### GIVEN RECORDS
──────
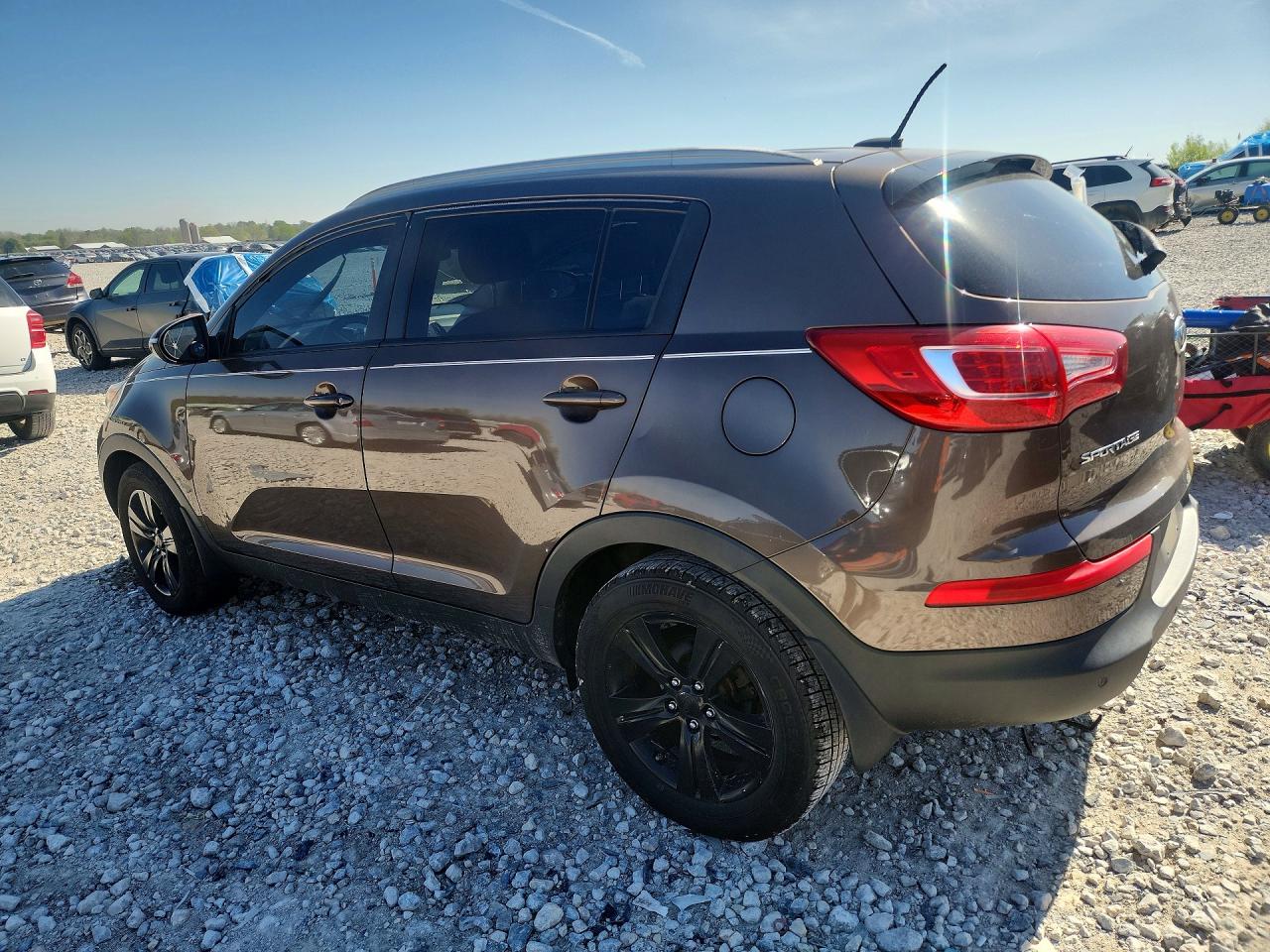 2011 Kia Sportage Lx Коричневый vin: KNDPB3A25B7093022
──────
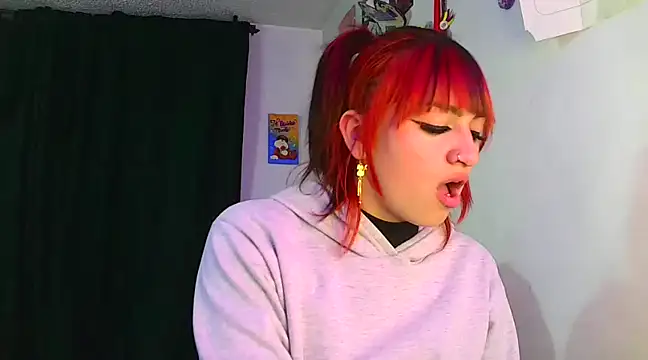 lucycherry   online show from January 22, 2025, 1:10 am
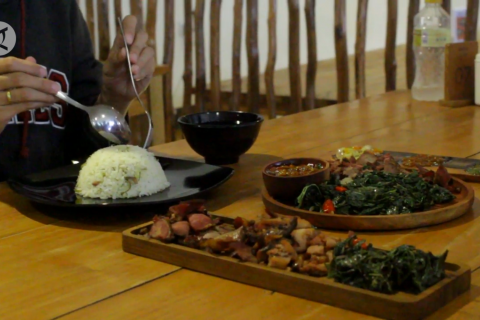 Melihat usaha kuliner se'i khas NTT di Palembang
──────
### WORK INSTRUCTION
Extract, without any images, the part of the material above that opens with the line containing "2025, 1:10 am" and closes with the line containing "Melihat usaha kuliner", both lines included.

### ANSWER SPACE
 lucycherry   online show from January 22, 2025, 1:10 am
 Melihat usaha kuliner se'i khas NTT di Palembang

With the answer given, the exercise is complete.